What other options do Ukrainian civilians have? The American view, it seems, is that when it is white civilians being attacked, and the attacker is an old enemy, arming and bolstering white supremacists is merely a strategic ploy in the art of war, a consequence of the circumstances at hand. After all, mass civilian death at the hands of a more powerful, more financed military that inflicts collective punishment is unacceptable — a war crime, even — is it not?

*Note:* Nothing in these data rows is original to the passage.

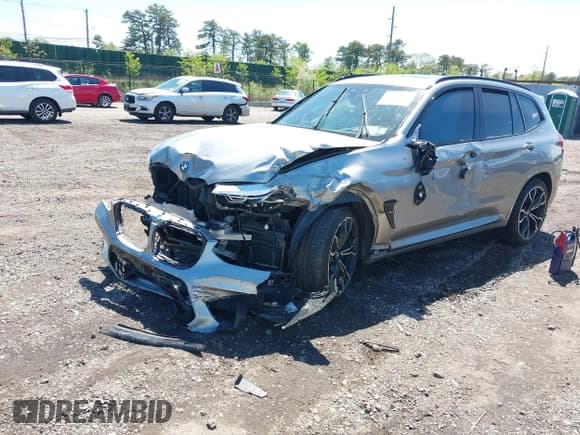 ✅ 2021 BMW X3 M • VIN: 5YMTS0C01M9G99914 • Lot: 42190720. Listed on IAAI with 42,917 mi. Free auction sales archive from the USA and detailed vehicle history report at DreamBid. Image 2.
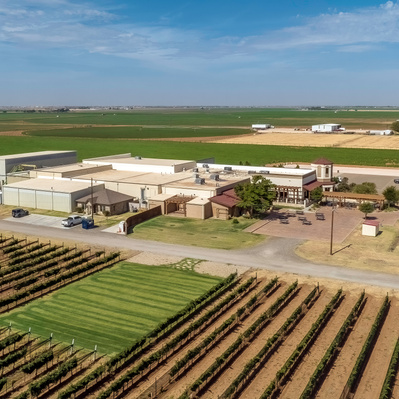  Drone View of Llano Estacado Winery, Lubbock, Texas, including some of their vineyards. 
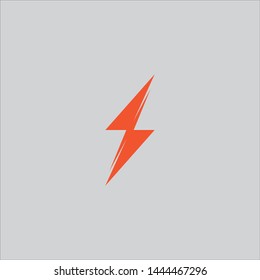 Thunder and Bolt Lighting Flash Icons Set. Flat Style on Background. Vector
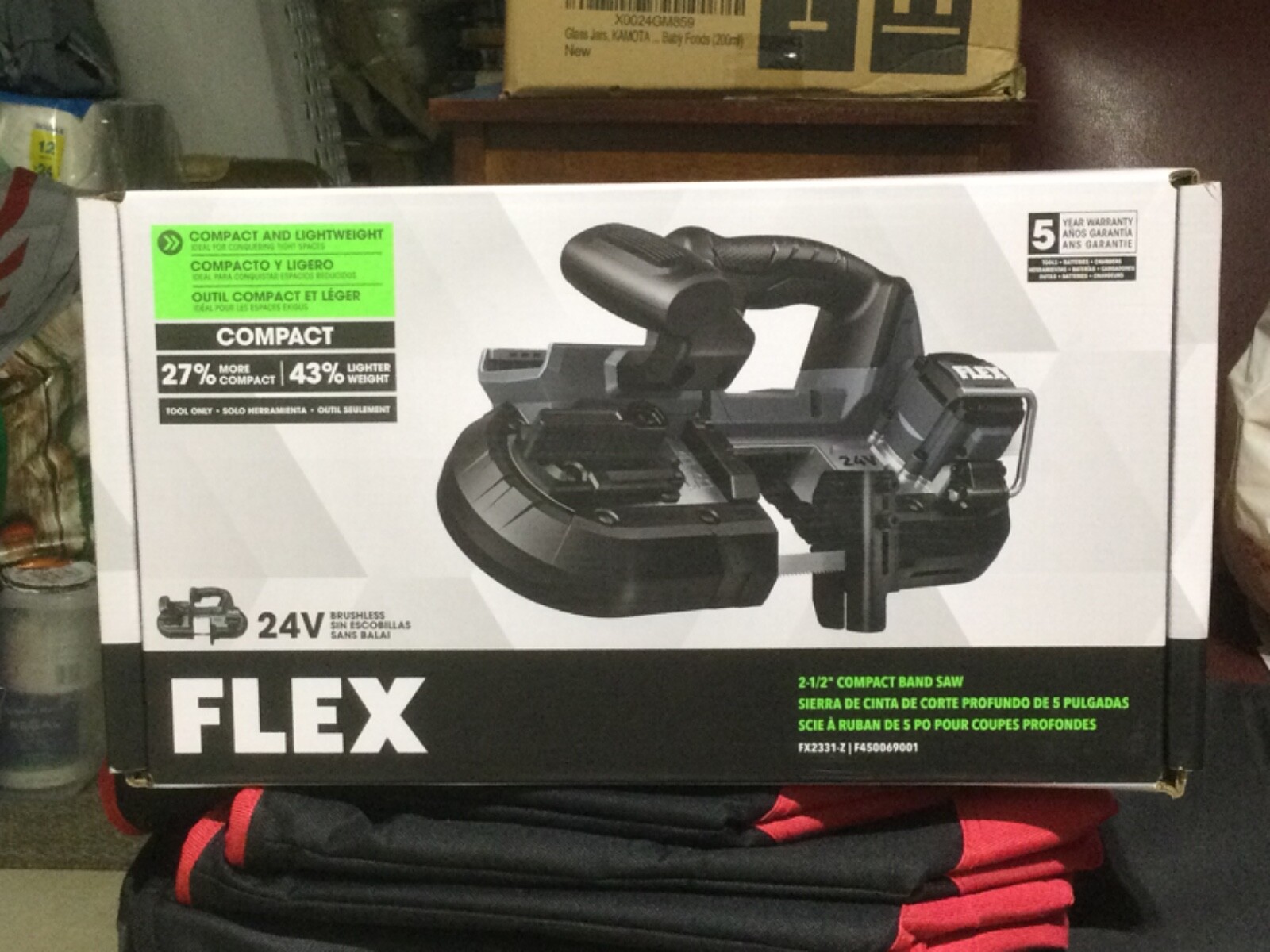 FLEX COMPACT 24 Volts 2.5-in Portable Band Saw (Tool only)
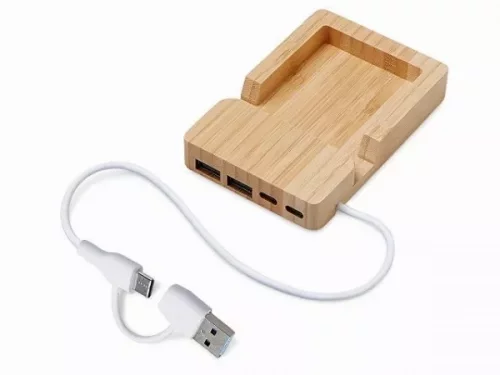 USB-хаб «Memo», 2*USB, 2*Type C фото 13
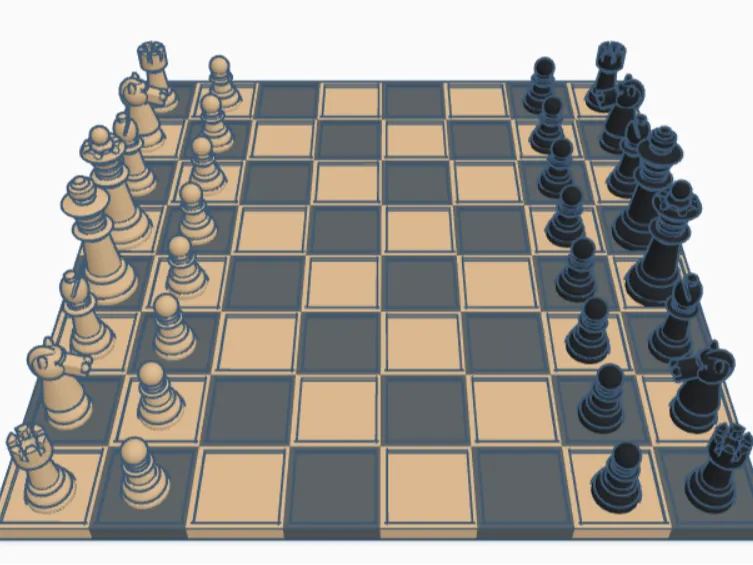 chess board and pieces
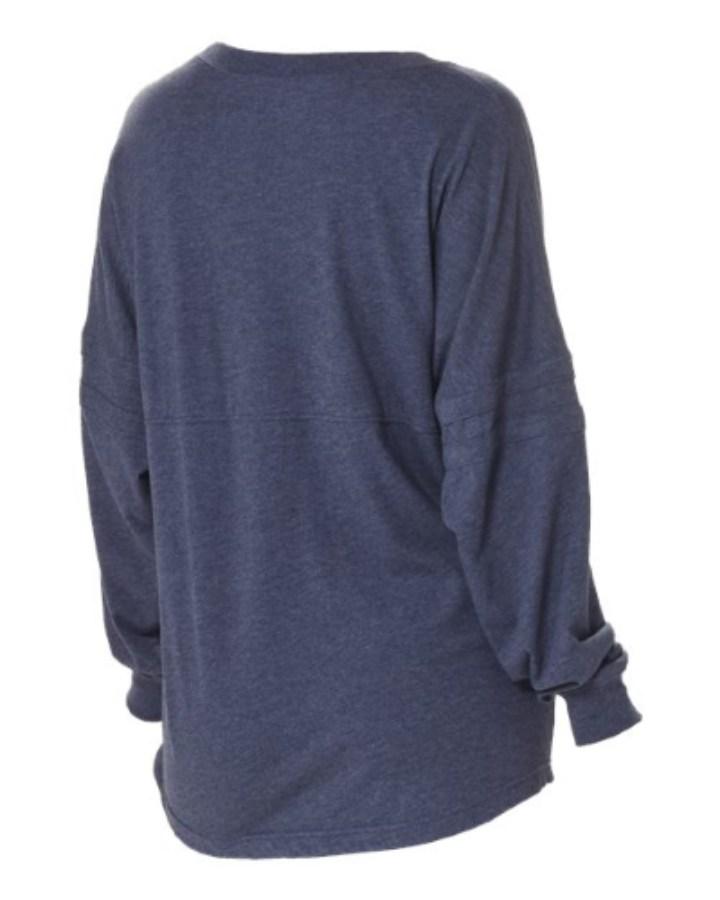 Picture of Boxercraft Women's Pom Pom Long Sleeve Jersey T-Shirt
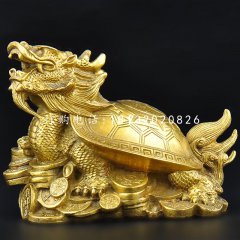 龍龜銅雕，招財(cái)龍龜銅雕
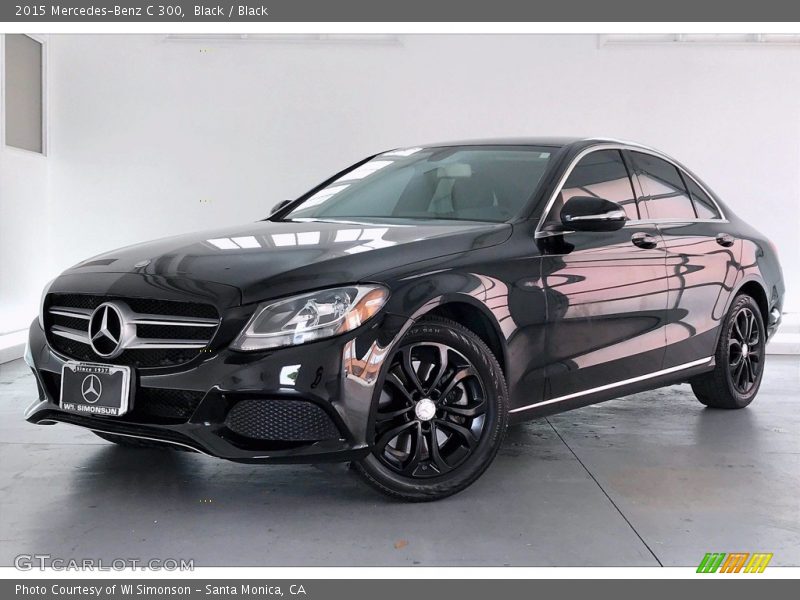 Black / Black 2015 Mercedes-Benz C 300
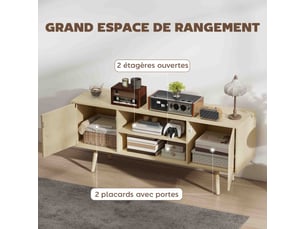 Meuble tv coloris naturel    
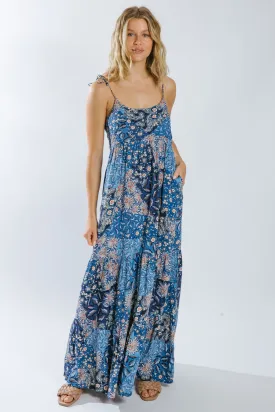 Berdina Tie Strap Maxi Dress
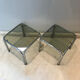 Paire de tables d’appoint années 70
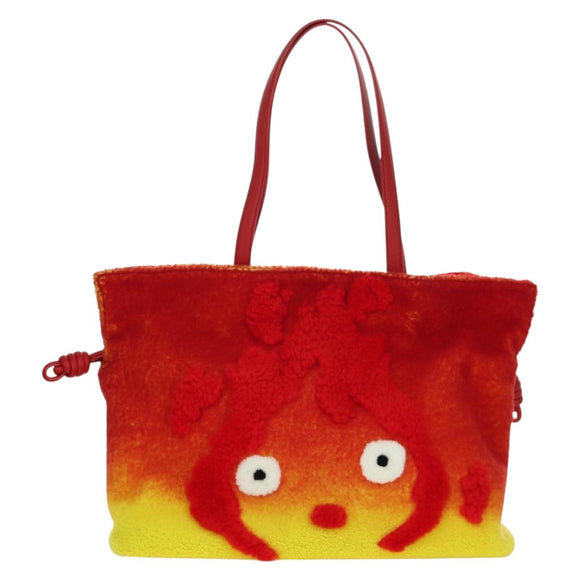 LOEWE × Ghibli Calcifer Flamenco Howl's Moving Castle Bag Shearing Auth 166906SM
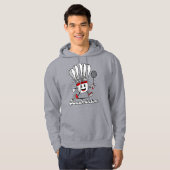 Badminton Mascot Classic Hoodie (Voorkant volledig)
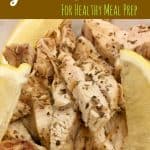 make-ahead greek chicken for meal prep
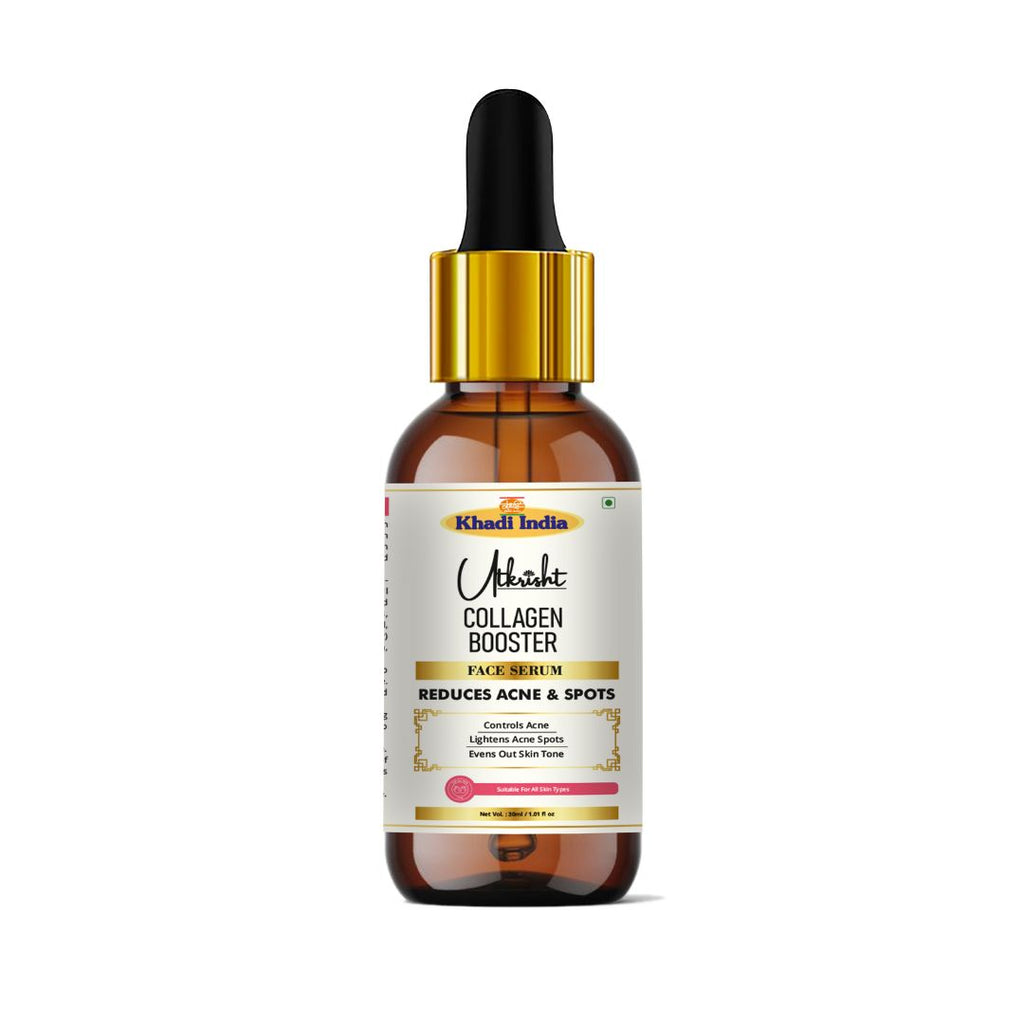 Utkrisht Khadi Collagen Booster Face Serum – Anti-Aging & Firming Formula for Youthful Skin (30ml)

And if the civilians attacked are not white? If they are Palestinian? The EU fully backs the Ukrainians’ right to “choose [their] own destiny” and commends their “courage in defending their country.” In the same breath, they condemn Russia’s “indiscriminate attacks” on the Ukrainian civilian population, calling them a “war crime.” When Palestinians participate in armed resistance of any kind, the EU, without wasting a second, labels them all as members of Hamas, and then, in tune with the US, comparing them to ISIS. And then in their familiar chorus, they relegate them to the collective of “terrorists” so that they can celebrate the death of anyone who so much as looks like them. The vast majority of the EU, in the last week and a half, has supported the collective punishment the Israeli occupation has inflicted on Palestinians in the Gaza Strip — where Israel has cut off civilians’ electricity and water.
With the US and the EU’s support the Israeli military is, right now, bombing Gaza’s hospitals, motivating their settler citizens to participate in shooting Palestinians indiscriminately at point-blank range, bombing Gaza’s borders to ensure that the overwhelming majority of the Palestinians they have displaced will suffocate under rubble, or end up unrecognizable. In pieces.
When there is no financial benefit to supporting self-determination, the imperial core will reject it vehemently. When the children’s bodies lined up on the street are not white, it’s not a war crime to have bombed or shot them, because one day they might have grown up to become terrorists. When the militias wear Nazi symbols and do, actually, on multiple occasions, call for the extermination of Jews and Roma, it’s okay to send them guns and tanks and billions of dollars, because at least they’re not Muslims, or communists or Arabs. When the occupying, genocidal, violently racist army is your ally, their brutality is invisible. When they’re not — that’s when it’s time to rewrite history until it becomes illegible.